- _What this task involves_
Would you please return all of the entries below exactly as shown?

▼

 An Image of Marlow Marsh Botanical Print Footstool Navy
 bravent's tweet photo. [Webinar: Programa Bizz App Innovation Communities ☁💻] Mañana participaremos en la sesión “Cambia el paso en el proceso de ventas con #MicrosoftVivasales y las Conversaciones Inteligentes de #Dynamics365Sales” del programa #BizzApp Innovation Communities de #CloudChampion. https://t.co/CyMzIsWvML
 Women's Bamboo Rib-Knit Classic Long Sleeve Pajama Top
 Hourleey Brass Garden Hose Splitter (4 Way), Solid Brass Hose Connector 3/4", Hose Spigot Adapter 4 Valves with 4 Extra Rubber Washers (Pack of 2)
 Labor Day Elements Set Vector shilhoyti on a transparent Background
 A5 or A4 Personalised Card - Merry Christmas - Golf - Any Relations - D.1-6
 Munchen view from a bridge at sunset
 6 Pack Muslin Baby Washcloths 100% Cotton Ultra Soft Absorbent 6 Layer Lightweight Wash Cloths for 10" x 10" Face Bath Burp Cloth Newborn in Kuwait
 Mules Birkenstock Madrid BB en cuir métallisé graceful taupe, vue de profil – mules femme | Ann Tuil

▲

- _Finished exercise_
 An Image of Marlow Marsh Botanical Print Footstool Navy
 bravent's tweet photo. [Webinar: Programa Bizz App Innovation Communities ☁💻] Mañana participaremos en la sesión “Cambia el paso en el proceso de ventas con #MicrosoftVivasales y las Conversaciones Inteligentes de #Dynamics365Sales” del programa #BizzApp Innovation Communities de #CloudChampion. https://t.co/CyMzIsWvML
 Women's Bamboo Rib-Knit Classic Long Sleeve Pajama Top
 Hourleey Brass Garden Hose Splitter (4 Way), Solid Brass Hose Connector 3/4", Hose Spigot Adapter 4 Valves with 4 Extra Rubber Washers (Pack of 2)
 Labor Day Elements Set Vector shilhoyti on a transparent Background
 A5 or A4 Personalised Card - Merry Christmas - Golf - Any Relations - D.1-6
 Munchen view from a bridge at sunset
 6 Pack Muslin Baby Washcloths 100% Cotton Ultra Soft Absorbent 6 Layer Lightweight Wash Cloths for 10" x 10" Face Bath Burp Cloth Newborn in Kuwait
 Mules Birkenstock Madrid BB en cuir métallisé graceful taupe, vue de profil – mules femme | Ann Tuil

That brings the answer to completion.